Ways to Screw Up Making Croissants

Before I wrote Making Croissants in the Tropics, I had made many many croissants. Have no doubt that my insights were standing on a mountain of duds I’ve inadvertently baked along the way.

How ‘well’ did this novice screw up? Let me count the ways.

#1 – Hard Rock Croissants Day

For my first attempt, I took a 500g-flour recipe to work. This recipe required the dough to be kneaded (by hand) for 15 minutes until window-pane stage. I didn’t get the window-pane after after 30 minutes, or 60 minutes or 90 minutes. By then of course the yeast had become hyperactive.

The dough was full of holes so naturally the lamination wasn’t successful – butter was melting and spilling out from those holes. I was too cheapskate to throw them away even though they looked hideous. I baked them anyway and got rock-hard croissants.

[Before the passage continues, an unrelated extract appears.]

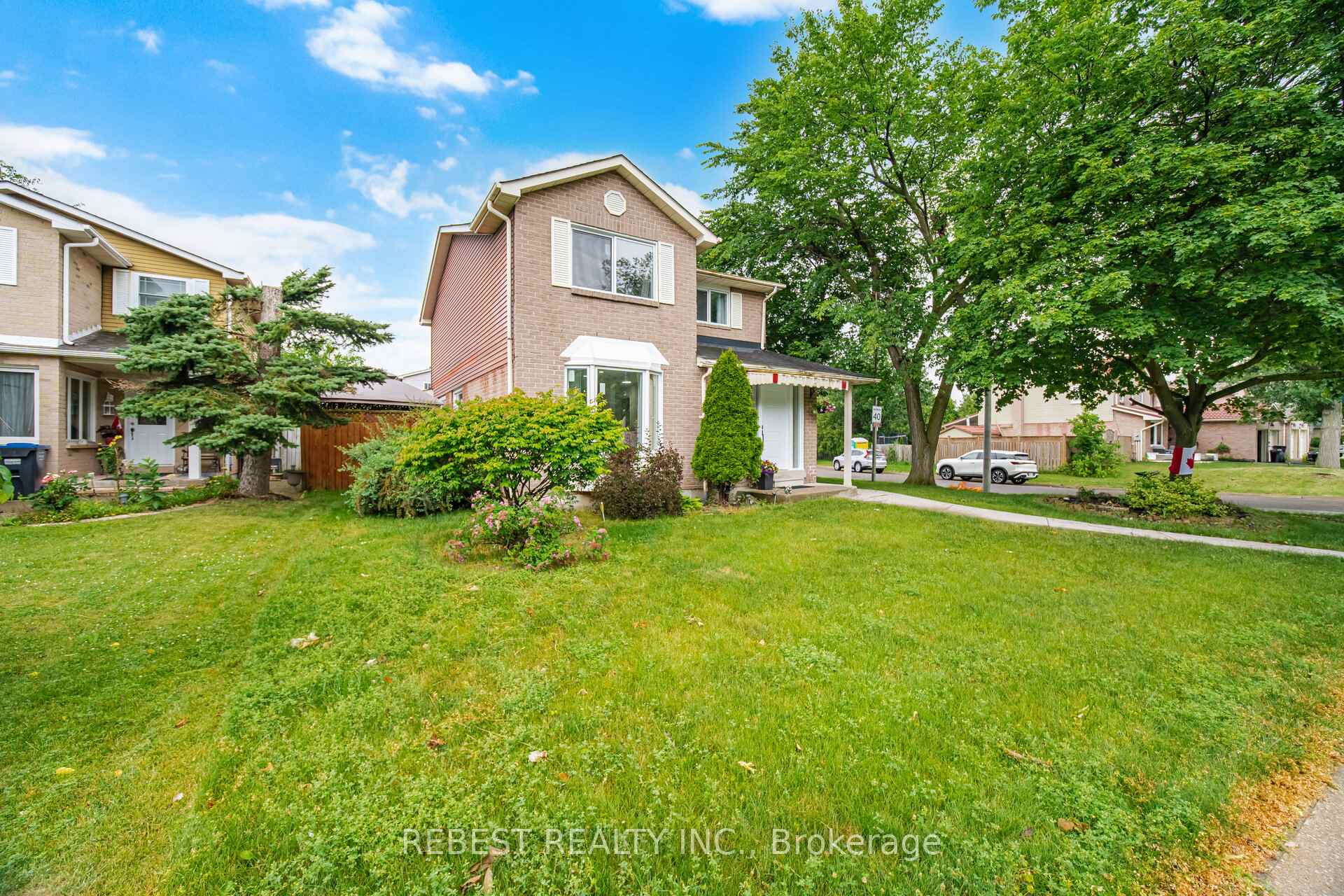 Photo 5 of 3120 Mccarron Crescent, Mississauga, Meadowvale — HOMEH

I must be the first to make Hard Rock Croissants that even the stray cats downstairs abhor.

#2 – Elasticity is a Sin

Second time round, I used another recipe. This time, I halved the recipe but added a lot more milk because the dough looked extremely crumbly. I thought I was quite clever because I was able to knead it till it was smooth, within 15 minutes.

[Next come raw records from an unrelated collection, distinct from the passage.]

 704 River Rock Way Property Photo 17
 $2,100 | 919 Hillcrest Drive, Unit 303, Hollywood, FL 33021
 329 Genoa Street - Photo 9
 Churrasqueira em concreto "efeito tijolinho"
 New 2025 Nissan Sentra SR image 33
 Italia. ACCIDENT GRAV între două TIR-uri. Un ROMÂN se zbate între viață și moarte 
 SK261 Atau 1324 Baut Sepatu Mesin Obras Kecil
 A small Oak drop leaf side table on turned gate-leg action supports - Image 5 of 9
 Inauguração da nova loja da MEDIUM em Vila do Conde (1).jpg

However, come lamination, the dough was so soft and elastic it bunched up at the edges of the barely-stretched butter slab. What was a desperate baker supposed to do?

Chopped those bunched up dough off and slapped them back onto the butter slab was what I did. And continue rolling – of course.

# 3 – Too Hard, Too breakable

You know the oh-oh moment when you press and drag the rolling pin down the dough and you see large patches of yellow alternating with nothingness beneath the dough. And the despair that comes over when the more you roll, more holes start to appear and bits of butter start to peek out? Yes the broken bits of butter hadth poked through the dough.

But you know, you just press on and hope for the best.

# 4 – Softies Not Welcomed

Because of #3, I overcompensated subsequently, letting the butter soften more than was necessary. It’s like a BGR rebound.

Overly-soft butter is also a poor candidate for lamination. So much butter seeped out, smearing my baking sheet here there everyway. All I could do was lament the wastage of my precious butter – and carry on.

#5 – Hot Before Its Time

At first, my croissants did their final proof in my 30°C kitchen. The butter was probably on the verge of melting inside even before they were put to bake. As expected, they began to weep very early on in the oven; there were still pools of melted butter after they were out of the oven.

So, no light flaky layers just decent-looking duds that taste like they were soaked in lots of butter.

I did contemplate turning on the living room air-con.

#6 – Fancy Butter?

You want to use higher-fats butter because it melts at a slower rate, right? So a 95% butter is better than a 82% one, right? I thought so and got rocky croissants instead. Not rock hard but still hard. The lower moisture level in the 95% butter did in fact alter the texture of the final product.

Leave the fancy butter for those pros and their for-pros-only-recipes was my takeaway.

In Conclusion

It’s never as bad as it seems. Make it, bake it, do it all over again – but better.